“I can live for two months on a good compliment.”
This week I’m taking a day to tell people the nice things I think about them. I’m always admiring people but am too shy to tell them. But really, getting a genuine and unexpected compliment is one of the best feelings ever, isn’t it?
With this in mind I head down to the Seabus on my way to work, scanning the crowd for someone to compliment. And I can’t see a single person who looks good. In fact, I’ve never seen a more drab crowd of sea farers, all clad in baggy black and grey outfits of boredom. Not a single outfit, hairstyle or accessory stands out; no one does anything obviously commendable.
At work no one has worn anything that appeals to me and I begin to wonder how this will work. Luckily I do notice that one of my coworkers is extremely well organized and I tell her how impressed I am with the state of her files. She glows with the comment and I myself feel suddenly more competent.

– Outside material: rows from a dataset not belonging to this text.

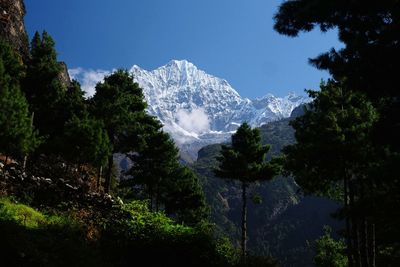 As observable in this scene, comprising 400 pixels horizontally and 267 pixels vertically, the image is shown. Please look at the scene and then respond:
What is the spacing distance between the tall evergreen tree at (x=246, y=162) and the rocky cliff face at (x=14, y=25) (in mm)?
31326

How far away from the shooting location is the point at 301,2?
1319 cm

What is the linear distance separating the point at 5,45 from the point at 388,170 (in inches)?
1121

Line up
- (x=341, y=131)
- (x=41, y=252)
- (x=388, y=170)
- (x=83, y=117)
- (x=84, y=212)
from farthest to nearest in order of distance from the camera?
(x=83, y=117) < (x=341, y=131) < (x=84, y=212) < (x=41, y=252) < (x=388, y=170)

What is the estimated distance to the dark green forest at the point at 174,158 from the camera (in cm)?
1240

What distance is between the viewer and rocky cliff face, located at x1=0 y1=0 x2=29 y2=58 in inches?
2304

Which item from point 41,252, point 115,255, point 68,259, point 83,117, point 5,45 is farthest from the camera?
point 83,117

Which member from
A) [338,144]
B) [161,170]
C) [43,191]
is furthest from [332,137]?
[161,170]

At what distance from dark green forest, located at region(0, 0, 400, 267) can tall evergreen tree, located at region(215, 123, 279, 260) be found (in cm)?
9

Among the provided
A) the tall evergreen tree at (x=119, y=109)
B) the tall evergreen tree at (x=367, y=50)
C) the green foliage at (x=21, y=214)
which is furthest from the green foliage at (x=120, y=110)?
the tall evergreen tree at (x=367, y=50)

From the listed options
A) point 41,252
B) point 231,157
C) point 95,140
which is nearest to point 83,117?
point 95,140

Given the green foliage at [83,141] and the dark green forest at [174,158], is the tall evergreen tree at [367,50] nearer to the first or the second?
the dark green forest at [174,158]

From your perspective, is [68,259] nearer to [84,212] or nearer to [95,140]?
[84,212]

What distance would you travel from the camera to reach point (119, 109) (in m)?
36.5

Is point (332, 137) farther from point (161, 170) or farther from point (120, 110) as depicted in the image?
point (161, 170) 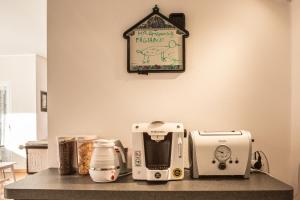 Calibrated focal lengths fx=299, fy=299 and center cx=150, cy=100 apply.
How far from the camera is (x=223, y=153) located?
168 centimetres

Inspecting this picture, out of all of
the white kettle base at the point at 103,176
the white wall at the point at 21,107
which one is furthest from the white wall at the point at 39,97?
the white kettle base at the point at 103,176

I manage to see a couple outfits throughout the day that I like and I enjoy telling people how great they look. I feel more attractive.

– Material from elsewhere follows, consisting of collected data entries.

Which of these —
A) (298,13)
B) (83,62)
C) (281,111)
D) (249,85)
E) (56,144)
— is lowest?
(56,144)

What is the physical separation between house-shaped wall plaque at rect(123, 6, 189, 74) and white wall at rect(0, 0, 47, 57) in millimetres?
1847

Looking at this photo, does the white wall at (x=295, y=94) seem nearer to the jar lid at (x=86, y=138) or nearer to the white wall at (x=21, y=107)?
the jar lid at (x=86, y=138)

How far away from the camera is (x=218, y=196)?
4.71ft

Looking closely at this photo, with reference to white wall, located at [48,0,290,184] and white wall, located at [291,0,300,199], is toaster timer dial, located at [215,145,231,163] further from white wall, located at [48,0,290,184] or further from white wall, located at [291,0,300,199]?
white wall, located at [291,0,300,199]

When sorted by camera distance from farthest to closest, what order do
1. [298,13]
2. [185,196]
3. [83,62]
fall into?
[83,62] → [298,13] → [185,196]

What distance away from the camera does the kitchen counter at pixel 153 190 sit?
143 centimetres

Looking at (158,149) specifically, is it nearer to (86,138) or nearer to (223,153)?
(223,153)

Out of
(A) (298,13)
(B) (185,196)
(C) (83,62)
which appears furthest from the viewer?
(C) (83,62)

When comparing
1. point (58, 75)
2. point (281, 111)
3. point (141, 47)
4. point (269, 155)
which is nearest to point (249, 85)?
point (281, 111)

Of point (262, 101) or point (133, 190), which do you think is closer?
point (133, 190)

Later at a restaurant, having enjoyed a nice meal with our cute as a button, super friendly waitress I fill out the comment card to tell management how great she is. I feel friendly and extroverted.

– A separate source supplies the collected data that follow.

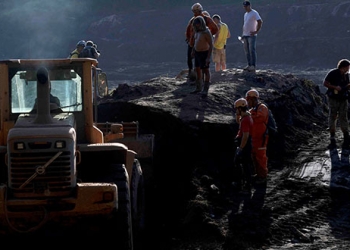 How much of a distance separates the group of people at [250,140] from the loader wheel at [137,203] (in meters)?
1.84

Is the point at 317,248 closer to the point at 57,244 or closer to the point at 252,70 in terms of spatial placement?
the point at 57,244

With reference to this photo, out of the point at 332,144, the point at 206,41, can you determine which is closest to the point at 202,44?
the point at 206,41

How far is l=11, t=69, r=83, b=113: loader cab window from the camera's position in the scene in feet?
24.9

An awareness emerges in all of this. Besides the fact that I myself somehow take on some of each of the traits I acknowledge, I realize that in order to compliment people you have to be open to them. You have to engage people and engaging people makes you feel incredibly alive.
In retrospect I don’t think my shyness has ever prevented me from complimenting people. My reluctance to compliment has far more to do with being detached and distracted by my own world of concerns. But in order to compliment people for a day I am fully tuned in to what’s going on around me. I’m open, talking with and engaging people and I love it. I love every moment of it.